Flight Assignment/Project Notes: NOTE: Element change to Human Factors & Behavioral Performance; previously Space Human Factors & Habitability (Ed., 1/19/17)

Task Description: Astronauts on long duration space exploration missions are vulnerable if they suffer from an acute medical emergency in space. Effective diagnosis, stabilization, treatment, and transport are reliant on the skills and ability of fellow crew members. Without adequate skills and training to handle such emergencies, mission objectives can be compromised to the extent that the mission may fail. Extensive research in healthcare is showing that specific skills, often termed non-technical skills (situation awareness, decision making, coordination, leadership) are critical in successfully managing medical events and in improving patient outcomes. The complexity of medical emergencies in space will pose unique challenges and demand context-specific non-technical skills training of the crew. Identifying the essential non-technical skills of the crew for managing medical emergencies, and associated objective measures of proficiency is an essential first step to building training curricula to fill the gap.

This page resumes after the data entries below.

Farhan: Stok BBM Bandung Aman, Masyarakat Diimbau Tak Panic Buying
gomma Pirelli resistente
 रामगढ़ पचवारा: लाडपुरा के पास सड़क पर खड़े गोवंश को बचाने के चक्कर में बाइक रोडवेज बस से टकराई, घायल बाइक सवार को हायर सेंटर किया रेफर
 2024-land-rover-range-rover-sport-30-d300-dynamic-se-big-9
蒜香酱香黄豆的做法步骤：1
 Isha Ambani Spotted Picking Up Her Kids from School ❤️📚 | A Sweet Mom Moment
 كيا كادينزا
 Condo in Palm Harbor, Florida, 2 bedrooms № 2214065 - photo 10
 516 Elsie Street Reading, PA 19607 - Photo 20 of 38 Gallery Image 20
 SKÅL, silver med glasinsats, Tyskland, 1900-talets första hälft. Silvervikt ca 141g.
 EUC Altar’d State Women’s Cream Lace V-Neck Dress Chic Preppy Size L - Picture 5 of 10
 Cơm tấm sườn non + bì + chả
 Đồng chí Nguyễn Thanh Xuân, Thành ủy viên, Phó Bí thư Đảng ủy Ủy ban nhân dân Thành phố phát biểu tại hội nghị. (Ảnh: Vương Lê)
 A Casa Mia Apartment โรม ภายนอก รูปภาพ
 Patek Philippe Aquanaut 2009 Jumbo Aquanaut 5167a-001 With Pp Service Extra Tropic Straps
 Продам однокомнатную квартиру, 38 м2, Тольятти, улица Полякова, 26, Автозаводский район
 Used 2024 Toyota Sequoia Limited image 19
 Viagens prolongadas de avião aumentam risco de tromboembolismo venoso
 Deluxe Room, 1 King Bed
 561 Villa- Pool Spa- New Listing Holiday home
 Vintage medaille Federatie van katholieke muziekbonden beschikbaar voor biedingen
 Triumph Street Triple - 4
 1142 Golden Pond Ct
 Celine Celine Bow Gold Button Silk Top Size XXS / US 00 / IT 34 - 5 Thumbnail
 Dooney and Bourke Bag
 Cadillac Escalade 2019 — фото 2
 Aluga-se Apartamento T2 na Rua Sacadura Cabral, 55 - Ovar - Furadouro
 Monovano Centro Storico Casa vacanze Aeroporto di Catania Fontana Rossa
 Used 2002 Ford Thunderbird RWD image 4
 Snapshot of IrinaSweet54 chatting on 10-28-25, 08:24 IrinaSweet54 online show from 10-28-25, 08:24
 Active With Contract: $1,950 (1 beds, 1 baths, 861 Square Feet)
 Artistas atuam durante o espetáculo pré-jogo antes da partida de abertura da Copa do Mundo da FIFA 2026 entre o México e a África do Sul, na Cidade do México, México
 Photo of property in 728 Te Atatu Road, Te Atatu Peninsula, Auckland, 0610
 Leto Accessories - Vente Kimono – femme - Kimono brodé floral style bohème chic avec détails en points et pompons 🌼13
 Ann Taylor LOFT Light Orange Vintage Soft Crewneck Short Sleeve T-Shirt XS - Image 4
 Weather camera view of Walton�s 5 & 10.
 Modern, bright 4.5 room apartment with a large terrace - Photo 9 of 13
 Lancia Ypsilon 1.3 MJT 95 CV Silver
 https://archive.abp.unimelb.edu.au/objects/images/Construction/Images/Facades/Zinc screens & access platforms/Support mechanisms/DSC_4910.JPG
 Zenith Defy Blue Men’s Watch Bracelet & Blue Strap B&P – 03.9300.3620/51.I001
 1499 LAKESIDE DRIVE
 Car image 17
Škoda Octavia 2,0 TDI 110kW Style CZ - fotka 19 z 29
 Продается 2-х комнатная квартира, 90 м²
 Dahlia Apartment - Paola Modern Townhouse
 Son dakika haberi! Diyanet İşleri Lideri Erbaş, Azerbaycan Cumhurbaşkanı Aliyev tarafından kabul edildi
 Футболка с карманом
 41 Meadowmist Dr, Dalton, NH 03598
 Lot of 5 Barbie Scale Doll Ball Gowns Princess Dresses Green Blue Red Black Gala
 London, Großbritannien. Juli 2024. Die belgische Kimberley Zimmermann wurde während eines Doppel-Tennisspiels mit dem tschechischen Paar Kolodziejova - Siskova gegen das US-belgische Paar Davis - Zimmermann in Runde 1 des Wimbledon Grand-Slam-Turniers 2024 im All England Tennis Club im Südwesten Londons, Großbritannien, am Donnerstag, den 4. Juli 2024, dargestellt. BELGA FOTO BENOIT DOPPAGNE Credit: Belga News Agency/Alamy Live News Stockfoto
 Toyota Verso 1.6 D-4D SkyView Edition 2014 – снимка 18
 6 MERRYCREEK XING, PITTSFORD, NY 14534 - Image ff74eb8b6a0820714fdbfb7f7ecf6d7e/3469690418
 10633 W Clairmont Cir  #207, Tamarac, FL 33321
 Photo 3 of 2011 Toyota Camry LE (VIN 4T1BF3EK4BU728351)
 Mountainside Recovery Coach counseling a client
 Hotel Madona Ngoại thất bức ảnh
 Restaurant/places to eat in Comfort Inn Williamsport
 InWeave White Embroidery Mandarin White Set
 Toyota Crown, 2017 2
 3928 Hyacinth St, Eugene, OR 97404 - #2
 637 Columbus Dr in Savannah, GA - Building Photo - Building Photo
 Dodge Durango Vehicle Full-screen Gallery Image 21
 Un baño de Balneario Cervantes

In this proposal, we will gather data using mixed methods including literature review, focus groups, and Delphi panel to identify the essential medical non-technical skills for astronaut crew. We will do this in partnership with an expert panel of astronauts, scientists, and clinicians from NASA and extended networks. We will then develop and implement a series of simulations depicting medical emergencies in a ground-based spacecraft medical bay simulator. Video recordings of these scenarios will be analyzed to define and refine objective measures of non-technical skills proficiency for the management of medical emergencies in this spaceflight. The proposed study will form the basis of training curricula in medical non-technical skills, evaluation of training effectiveness and objective measurement of proficiency that will support crew health and safety, and reduce the likelihood of performance failures when managing medical emergencies in space.

Research Impact/Earth Benefits:

Task Progress & Bibliography Information FY2016 
Task Progress: New project for FY2016.